• [Excerpted data]:

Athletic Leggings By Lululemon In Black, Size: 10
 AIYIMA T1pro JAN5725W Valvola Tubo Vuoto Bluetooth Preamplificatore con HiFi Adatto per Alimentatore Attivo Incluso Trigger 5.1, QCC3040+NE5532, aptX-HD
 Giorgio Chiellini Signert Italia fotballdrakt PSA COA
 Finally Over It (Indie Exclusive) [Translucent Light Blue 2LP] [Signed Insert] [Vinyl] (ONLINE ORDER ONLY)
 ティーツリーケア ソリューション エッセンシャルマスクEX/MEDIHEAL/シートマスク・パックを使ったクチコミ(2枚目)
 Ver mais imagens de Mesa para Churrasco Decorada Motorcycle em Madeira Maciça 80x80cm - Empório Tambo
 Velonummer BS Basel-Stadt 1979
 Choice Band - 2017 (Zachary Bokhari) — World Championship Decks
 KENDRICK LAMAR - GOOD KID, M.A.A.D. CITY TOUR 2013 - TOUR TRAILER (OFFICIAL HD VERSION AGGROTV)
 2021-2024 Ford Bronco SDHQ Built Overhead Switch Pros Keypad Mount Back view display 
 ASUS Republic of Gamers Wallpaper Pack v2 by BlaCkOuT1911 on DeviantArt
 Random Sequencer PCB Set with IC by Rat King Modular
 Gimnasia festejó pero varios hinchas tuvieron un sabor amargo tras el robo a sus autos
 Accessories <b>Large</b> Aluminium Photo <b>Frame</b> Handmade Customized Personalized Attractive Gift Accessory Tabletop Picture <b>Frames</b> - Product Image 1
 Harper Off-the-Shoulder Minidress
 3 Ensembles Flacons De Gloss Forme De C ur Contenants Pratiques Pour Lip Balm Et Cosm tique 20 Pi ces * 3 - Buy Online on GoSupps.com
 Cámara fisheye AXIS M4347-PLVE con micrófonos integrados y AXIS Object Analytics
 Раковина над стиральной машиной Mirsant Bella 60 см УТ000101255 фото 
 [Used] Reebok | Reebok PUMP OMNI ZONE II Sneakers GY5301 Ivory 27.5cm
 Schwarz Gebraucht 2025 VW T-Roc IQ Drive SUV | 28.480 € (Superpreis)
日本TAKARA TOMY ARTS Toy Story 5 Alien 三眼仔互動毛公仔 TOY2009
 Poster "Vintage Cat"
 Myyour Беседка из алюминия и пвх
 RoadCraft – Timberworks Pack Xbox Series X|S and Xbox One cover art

• [Work task]: Which lines in the records above include the word "Pack"? Copy them out.

• [Task output]:
 ASUS Republic of Gamers Wallpaper Pack v2 by BlaCkOuT1911 on DeviantArt
 RoadCraft – Timberworks Pack Xbox Series X|S and Xbox One cover art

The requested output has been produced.